Image: A worker walks at Nahr Bin Umar oil field, north of Basra, Iraq December 21, 2015. REUTERS/Essam Al-Sudani
BASRA, Iraq (Reuters) – Iraq’s exports from its southern region have been running at an average daily rate of 3.297 million barrels per day (bpd) so far this month, higher than December’s average and unaffected by tribal clashes, an oil company executive said on Saturday.
All the fields are running normally, state-run South Oil Co.’s deputy director general Salah Mahdi told Reuters in an interview in Basra. “The security situation is very good, I don’t see any impact on our oil operations,” he said.
Iraq sent an armored army division and a police strike force into the southern oil city of Basra to disarm residents as fighting between rival Shi’ite Muslim tribes intensified, local officials and security sources said on Friday.
Iraq exported 3.215 million bpd on average in December, according to the oil ministry. The country produces most of its oil from the southern region.
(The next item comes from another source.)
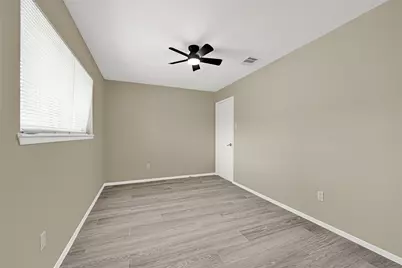 11502 Fawnway Dr, Houston, TX 77048 - Photo 15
The crude shipments from the south account for all of Iraq’s central government’s oil sales as the Kurdish regional government in the north in mid-2015 pursued independent sales in an escalating row over oil export rights and budget payments.
The southern regions are far from areas of conflict with Islamic State militants in the north and west, but recent tribal fighting raised fears of disruptions to energy operations.
“Recent security operations in Basra are sending reassuring messages to international foreign oil companies,” Mahdi said.South Oil Co., which has overseen all exploration and production operations south of Baghdad, is about to change its name to Basra Oil Co. as part of an ongoing government plan to break it up into several provincial oil companies.